Let A be a linear map from $R^n$ to $R^m$, Then
Prove that $null(A)^{\bot} = range(A^T)$.
So far, I can easily show that $range(A^T) \subset null(A)^{\bot}$. See below.
if $x \in range(A^T)$, then $(x,n)=(A^Tu,n)=(u^T,An)=(u^T,0)=0$ for all $n \in null(A)^{\bot}$.
But I cannot proof the opposite direction.
How can I prove that if $x \in null(A)^{\bot},$ then $ x \in range(A^T)$?
Suppose $x^T \in null(A)^\perp$, we want to show that $x^T \in range(A^T)$, in other words, $x^T$ is in the row space of $A$.
Let $d$ be the dimension of the row space of $A$ and $\{ x_1^T, \ldots, x_d^T\}$ be a basis of the row space of $A$.

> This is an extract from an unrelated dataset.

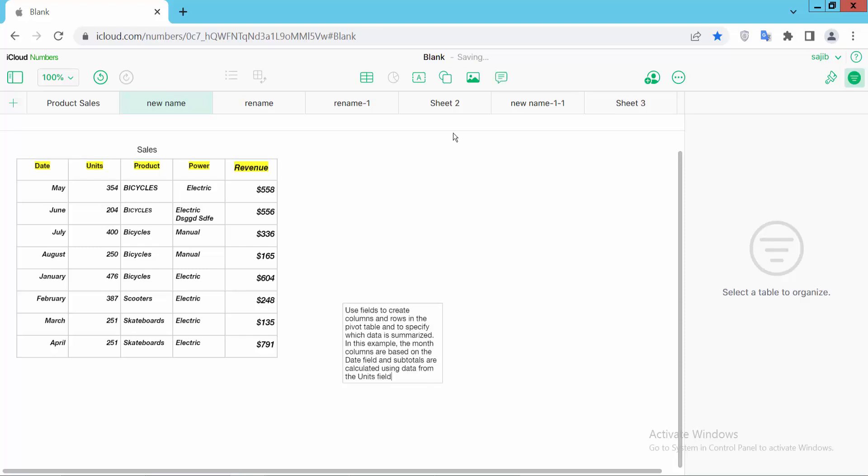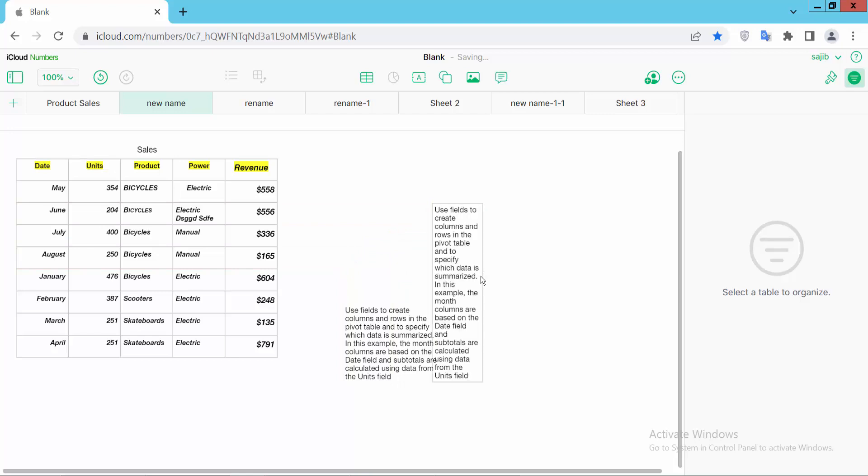Again click on this text box and see this another text box inserted here. Double click and type in text.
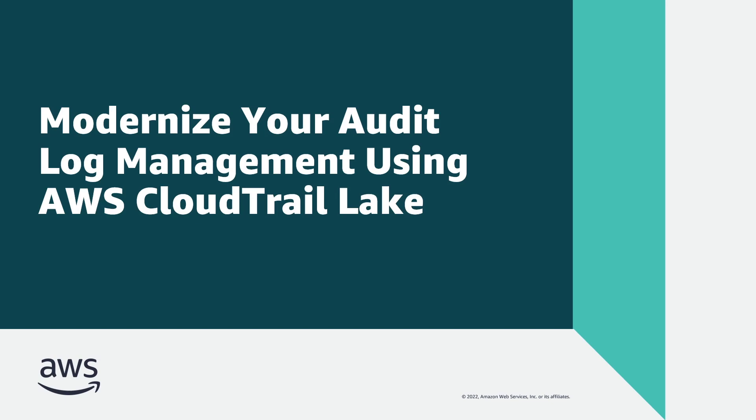In this video, you'll see how to modernize your audit log management using AWS CloudTrail Lake.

Then the dimension of $null(A)$ is $n-d$. Construct the matrix $B=\begin{bmatrix} y_1 \ldots y_{n-d}\end{bmatrix}$ where each columns are independent and they are elements of nullspace of $A$. By definition, we have $AB=0$which is just $B^TA^T=0$.
Rank of $B^T$ is $n-d$, hence $null(B^T)=n-(n-d)=d$, hence $\{ x_1, \ldots, x_d\}$ is a basis of $null(B^T)$.
Since $x^T \in null(A)^\perp$, we must have $B^Tx=0$, that is $x \in null(B^T)$, which means $x$ can be expressed as $$x=\sum_{i=1}^d c_i x_i$$
$$x^T=\sum_{i=1}^d c_i x_i^T$$
That is $x^T$ is in the row space of $A$.